Future of Integrating SAP Lumira into Your Existing BI 4 Landscape SAP TechEd Online Notes Part 2
Part 1 is here Integrating SAP Lumira into Your Existing BI 4 Landscape – SAP TechEd Online Notes Part 1 and discusses current state of Lumira including Cloud.
This is Part 2 covering the future. Note that things are subject to change. This is a recorded online EA201 session Integrating SAP Lumira into Your Existing BI 4 Landscape
Future: On Premise
Figure 1: Source: SAP
“SAP Lumira for SAP HANA” is in quotes as it is future functionality. It is not generally available.
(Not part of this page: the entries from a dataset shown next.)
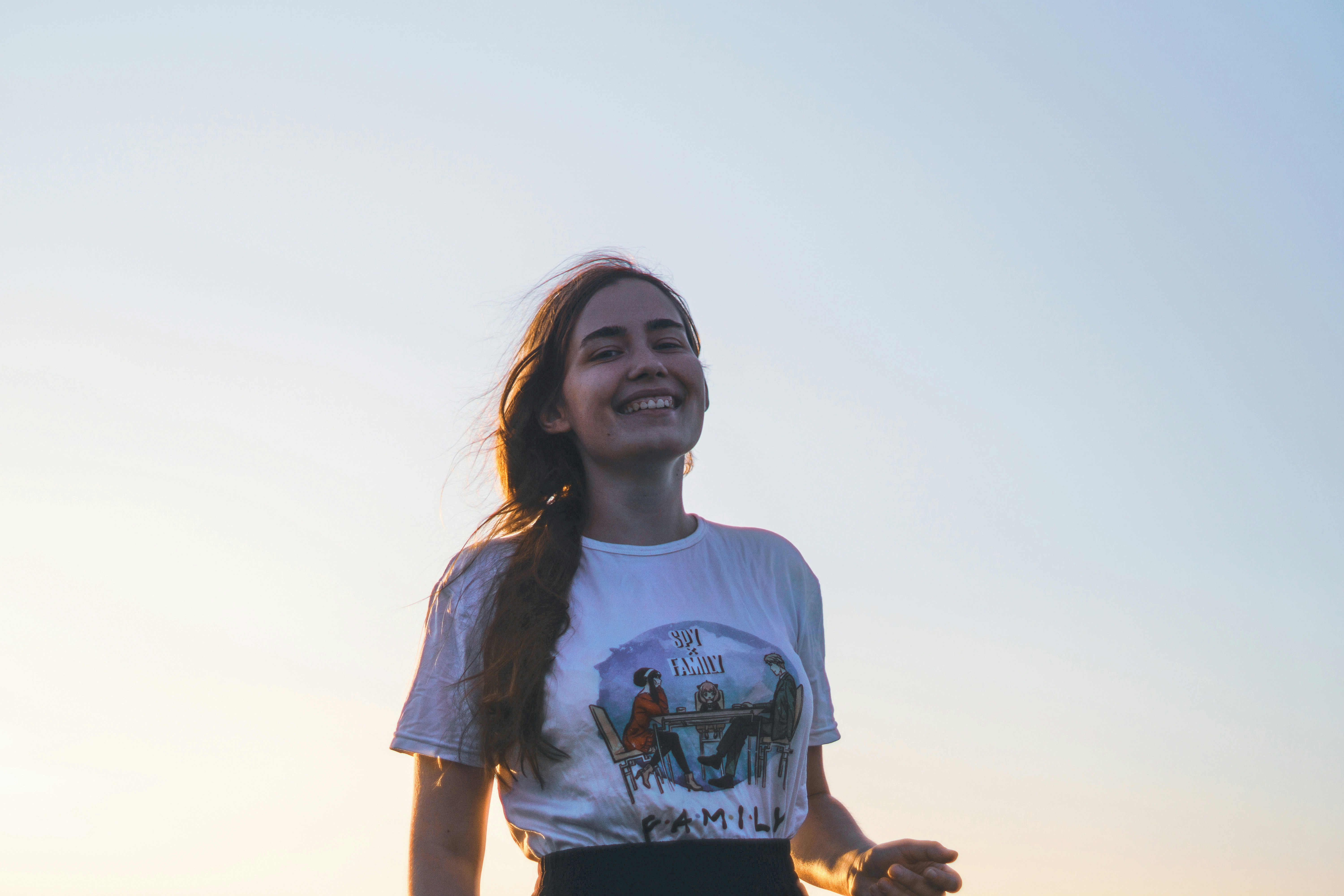 Happy woman smiling under a clear sky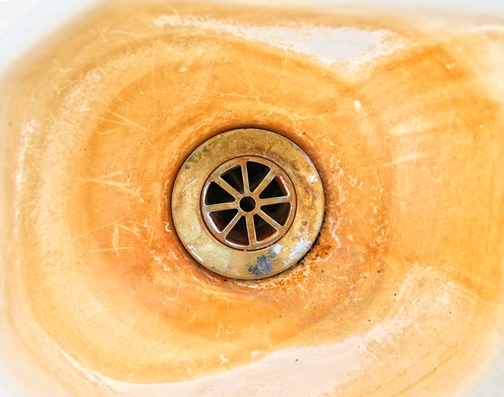 An example of unsightly mineral build-up in a sink without the use of water conditioners.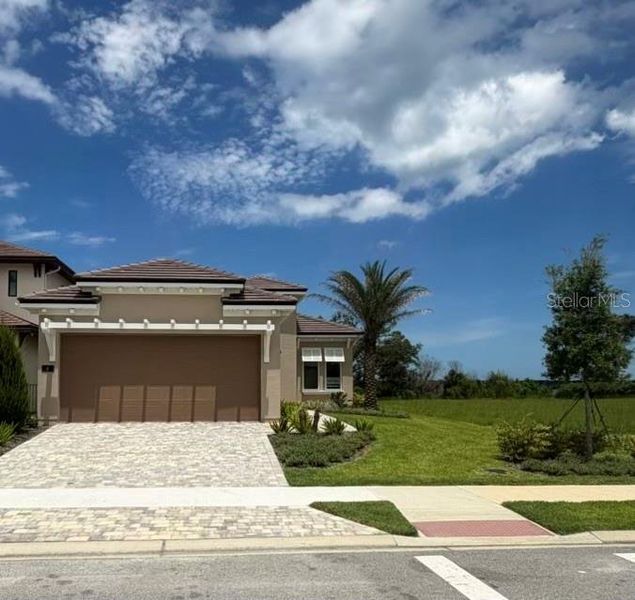 Front exterior of a new home in , Flagler Beach, FL, highlighting curb appeal (Image 12). Front exterior of a new home in , Flagler Beach, FL, highlighting curb appeal (Image 12).
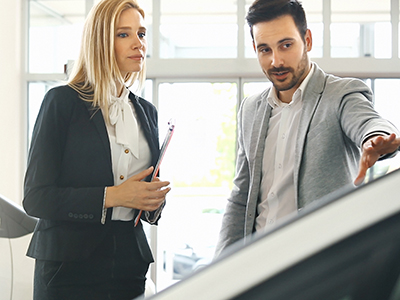 Sales representative showing prospect the features of their product.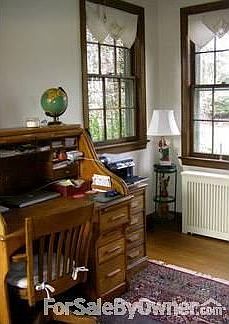 Den
						:
						Ideal office space; 6 windows floods room with natural light; hardwood floor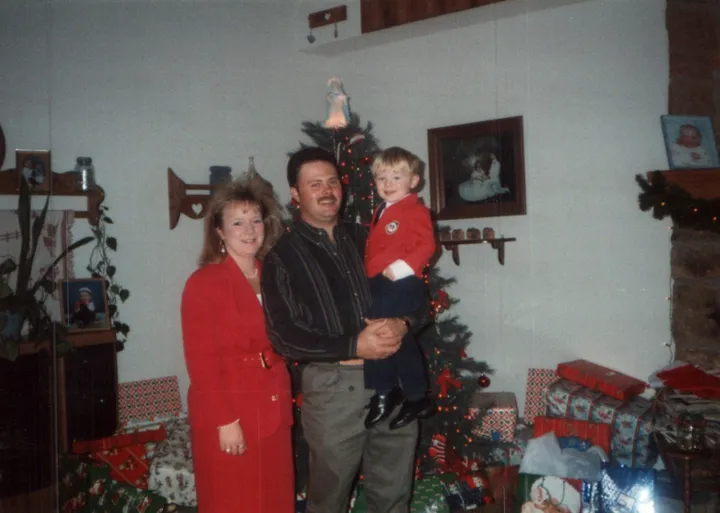 Brian and Angie King holding a young Ryan in front of a Christmas tree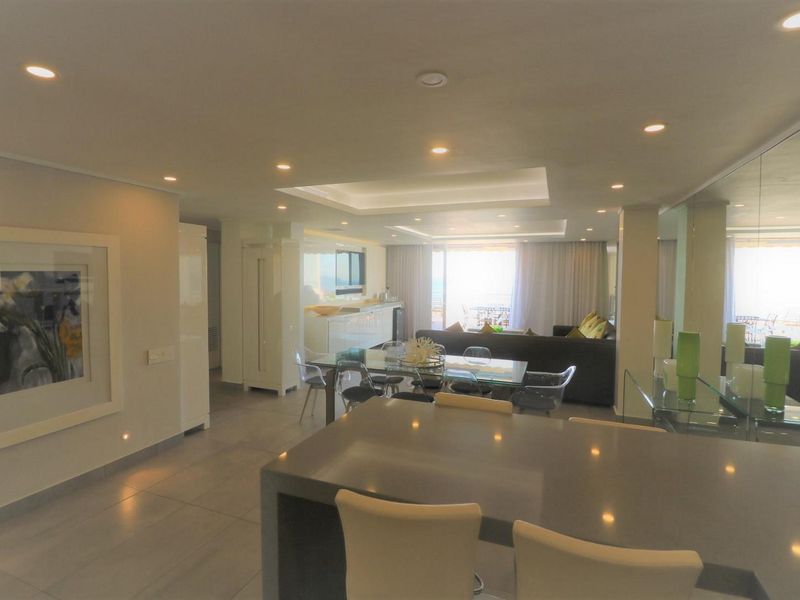 Spacious open-plan living and dining area featuring modern recessed lighting, a central kitchen island, and sleek tiled flooring with seamless flow to the balcony.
Looking at native implementation on HANA appliance – use HANA accounts and security mechanisms
Figure 2: Source: SAP
You have today the cloud version on the left in Figure 2.
Put in cloud, mobile device and on premise with multiple deployment options
Lumira for HANA needs a HANA system with scalability and volumes
Figure 3: Source: SAP
BI4 is not going away but for some things you need HANA
Focus on BI4 will be more on quality and innovation, less disruption
Figure 4: Source: SAP
Figure 4 shows the future…two launchpads?
SAP knows this. Keep reading…
Figure 5: Source: SAP
Figure 5 is what SAP is working on. SAP wants to have HANA technologies and take advantage without dealing with HANA, having it show in BI Launchpad.
Administrators do not want 2 things to administer.
They want to bring in the user experience of Lumira into the BI4 platform but does not mean bring HANA into the BI Platform.
They want to see your Lumira artifacts next to the Crystal artifacts.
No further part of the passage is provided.